It’s time once more for the regular Saturday morning update of papers published at the Open Journal of Astrophysics. Things have picked up a bit after a quiet couple of weeks. Since the last update we have published three new papers which brings the number in Volume 8 (2025) up to 21 and the total so far published by OJAp up to 256. We’re now officially a byte-sized journal!
In chronological order of publication, the three papers published this week, with their overlays, are as follows. You can click on the images of the overlays to make them larger should you wish to do so.

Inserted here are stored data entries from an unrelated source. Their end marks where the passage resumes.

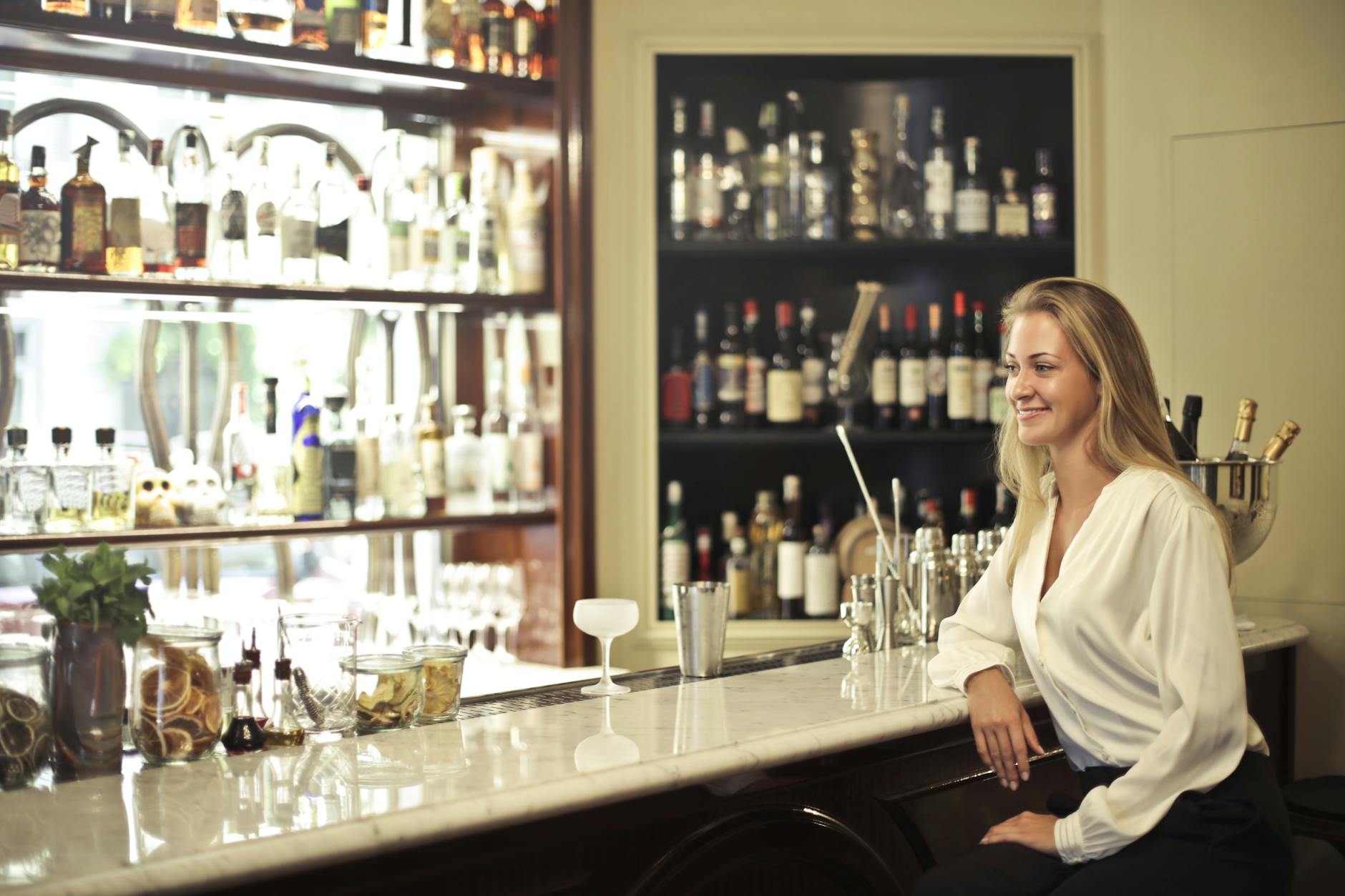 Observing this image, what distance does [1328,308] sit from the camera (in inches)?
107

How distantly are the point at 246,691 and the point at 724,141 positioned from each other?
214 cm

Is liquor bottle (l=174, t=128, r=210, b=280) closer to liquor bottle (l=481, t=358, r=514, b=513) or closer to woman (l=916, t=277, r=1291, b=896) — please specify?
liquor bottle (l=481, t=358, r=514, b=513)

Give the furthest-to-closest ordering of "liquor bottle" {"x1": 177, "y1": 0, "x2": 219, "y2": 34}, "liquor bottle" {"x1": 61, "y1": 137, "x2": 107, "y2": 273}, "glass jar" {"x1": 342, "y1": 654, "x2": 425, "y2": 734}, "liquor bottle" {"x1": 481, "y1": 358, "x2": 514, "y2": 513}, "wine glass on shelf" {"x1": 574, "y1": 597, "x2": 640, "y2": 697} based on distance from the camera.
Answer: "liquor bottle" {"x1": 481, "y1": 358, "x2": 514, "y2": 513}
"liquor bottle" {"x1": 177, "y1": 0, "x2": 219, "y2": 34}
"liquor bottle" {"x1": 61, "y1": 137, "x2": 107, "y2": 273}
"wine glass on shelf" {"x1": 574, "y1": 597, "x2": 640, "y2": 697}
"glass jar" {"x1": 342, "y1": 654, "x2": 425, "y2": 734}

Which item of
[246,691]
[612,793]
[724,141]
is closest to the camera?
[612,793]

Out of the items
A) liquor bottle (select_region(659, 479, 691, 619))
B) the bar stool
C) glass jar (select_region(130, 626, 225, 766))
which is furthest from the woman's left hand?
liquor bottle (select_region(659, 479, 691, 619))

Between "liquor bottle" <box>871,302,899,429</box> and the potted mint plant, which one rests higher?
"liquor bottle" <box>871,302,899,429</box>

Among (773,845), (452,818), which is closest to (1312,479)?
(773,845)

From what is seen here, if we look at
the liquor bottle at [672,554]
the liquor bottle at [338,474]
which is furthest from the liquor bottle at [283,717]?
the liquor bottle at [672,554]

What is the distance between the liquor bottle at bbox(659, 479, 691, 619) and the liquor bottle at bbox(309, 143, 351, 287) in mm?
911

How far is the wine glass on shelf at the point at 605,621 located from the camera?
178 centimetres

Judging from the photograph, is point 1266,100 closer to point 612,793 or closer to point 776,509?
point 776,509

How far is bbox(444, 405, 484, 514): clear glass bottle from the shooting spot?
9.49ft

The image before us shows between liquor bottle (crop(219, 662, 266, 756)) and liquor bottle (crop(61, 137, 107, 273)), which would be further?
liquor bottle (crop(61, 137, 107, 273))

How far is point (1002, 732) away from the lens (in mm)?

The first paper to report is “Baryon-free S_8 tension with stage IV cosmic shear surveys” by Ottavia Truttero, Joe Zuntz, Alkistis Pourtsidou and Naomi Robertson (all based at the University of Edinburgh, UK). This paper is in the folder marked Cosmology and NonGalactic Astrophysics and it was published on Monday 24th February 2025. It presents a study of the effect of baryonic feedback in the determination of cosmological parameters and the possibility of using large-scale clustering information to mitigate its effects
Here is the overlay:
You can read the officially accepted version of this paper on arXiv here.
The second paper of the week is “Power Spectra of JWST images of Local Galaxies: Searching for Disk Thickness” by Bruce Elmegreen (USA) and 15 others based in the USA, Sweden, UK, Italy and Australia.
It appears in the folder Astrophysics of Galaxies and it describes a method for Looking for a ‘kink’ in the power spectrum of galaxy images that might indicate at some transition from two-dimensional to three-dimensional turbulence on the scale of the disk thickness. This paper was published on Wednesday 26th February 2025.
Here is the overlay:
You can find the officially accepted version of this paper on arXiv here.
The final paper, also published on Wednesday 26th February in the folder Astrophysics of Galaxies is “The evolution of galaxy morphology from redshift z=6 to 3: Mock JWST observations of galaxies in the ASTRID simulation” by Patrick LaChance (Carnegie Mellon University, Pittsburgh; hereafter CMU), Rupert Croft (CMU), Yueying Ni (CfA Harvard), Nianyi Chen (CMU), Tiziana Di Matteo (CMU), and Simeon Bird (UC Riverside); all based in the USA. This paper describes an An analysis of a large sample of mock observations of JWST galaxies obtained from the ASTRID simulation revealing how galaxy properties are expected to evolve with redshift.
Here is the overlay:
The official published version can be found on the arXiv here.
That brings us up to the end of February 2025. I had a delve through the archives and found that by the same stage last year we published 17 papers compared to this year’s 21. It’s small numbers, of course, but we’re up about 23% so far this year.
That’s all for this week. I’ll do another update next Saturday.